Egyptian returnees raise concerns over remittances, unemployment

DNE
DNE
6 Min Read

CAIRO: More than 60,000 Egyptians have returned from Libya feeling threatened by a recent wave of protests that have been met with violence — and more are expected to make their way back home.

Similar uprisings in Tunisia, Yemen and elsewhere in the region will likely see more Egyptians working abroad returning home, raising two main concerns for an already sluggish economy: a decrease in remittances and an increase in unemployment.

“Adding numbers together, plus workers returning home from Libya, unemployment in Egypt could surge easily to around 25 percent. That is, one out of every four Egyptians would be looking for jobs in the near term,” Magda Kandil, director of research at the Egyptian Center for Economic Studies (ECES), said.

“We have 1.5 million Egyptians that could be returning home without jobs. It is estimated that unemployment in Egypt is around 10 percent of total labor force that could be around 30 million Egyptians. Hence, the number of unemployed could be around 3 million. It is estimated to be much higher among the youth, around 25 percent,” she added.

Further, around 6 million Egyptians work in the informal market, at least one third of which are unskilled. The interruption of business activity and loss of exports and tourism may have forced many people out of work, both in the formal and informal markets, adding another 5 million to the pool of already unemployed in Egypt before the political unrest.

Egyptians working abroad remit about $12 billion annually to their country, according to UNHCR.

In fiscal year 2009/10, remittances totaled $9.8 billion, accounting for 17 percent of total current account receipts. It is the second largest source of foreign income for Egypt, after tourism, which totaled $11.6 billion or 20 percent of total current account receipts.

According to the Central Bank of Egypt, in 2008/09, the distribution of remittances by sources is as follows: 12.5 percent from Saudi Arabia, 17.7 percent from UAE and 20.4 percent from Kuwait.

While the ECES estimates that 1.5 million Egyptians work in Libya, larger than the number of workers in some Gulf countries, their income is less.

Hence, the estimated remittances from Libya are another 15-20 percent of total remittances, around $1.5-2 billion.

“Obviously, the loss of remittances income will present additional pressure on the exchange rate of the Egyptian pound. Since January 25, Egypt has lost significant amount of foreign receipts in the form of exports, tourism receipts, FDI and capital outflows. The loss of remittances income could present additional loss that increases depreciation pressures on the pound,” said Kandil.

Mohamed Rahmy, analyst at Beltone Financial, said the investment bank is already expecting unemployment levels to come under pressure due to the economic repercussions of the current political situation, the economic slowdown and negative impact on tourism along with a slowdown in corporate activity.
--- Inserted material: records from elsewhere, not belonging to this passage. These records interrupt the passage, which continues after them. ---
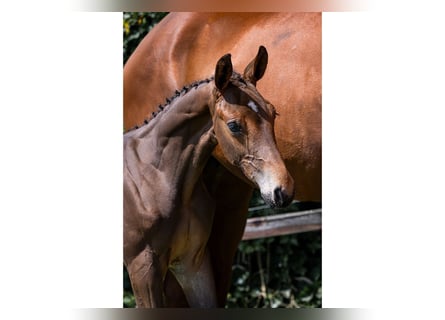 KWPN, Stallion, 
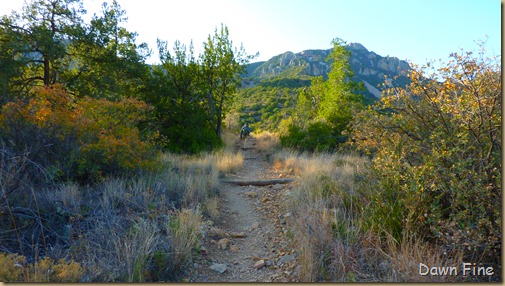 South rim hike,Big bend_007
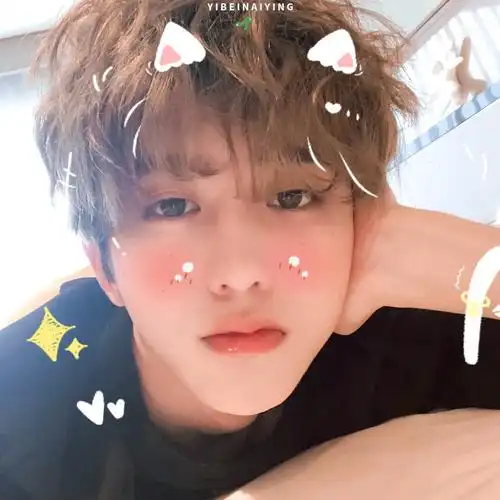 "有点喜欢跑男的蔡小葵了" 蔡徐坤头像|顾雨曦 贴纸扯扯裙边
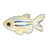 Zebrafish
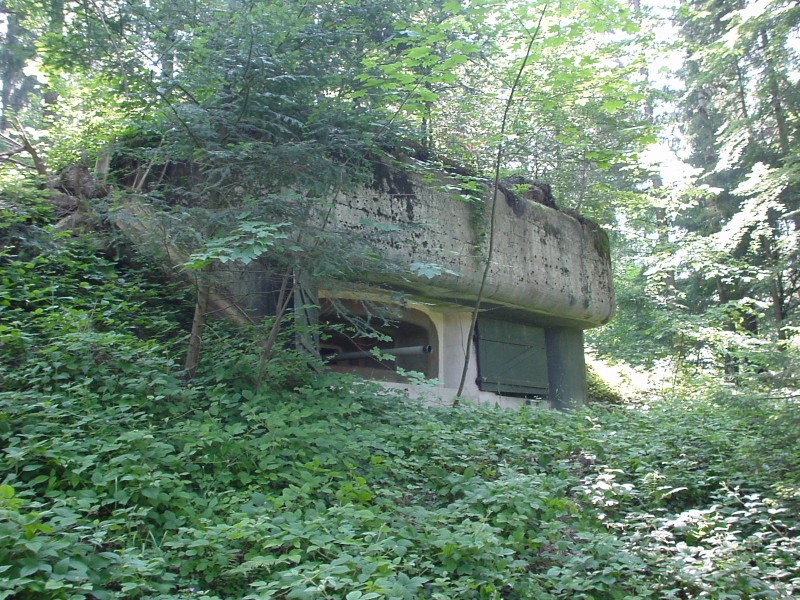DSC00048.JPG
“The returning workers will add to the overall level of unemployment,” he said.

However, Rahmy said that remittances may not be significantly impacted.

According to Rahmy, Egyptian remittances from Libya are less than 1 percent of total remittances in terms of actual funds. Most Egyptian workers there are unskilled and not professionals, and in monetary terms there remittances is not really significant.

While Rahmy feels that the current government has no clear options to deal with these problems, Kandil said that the near term agenda may be extending unemployment benefits to this new segment.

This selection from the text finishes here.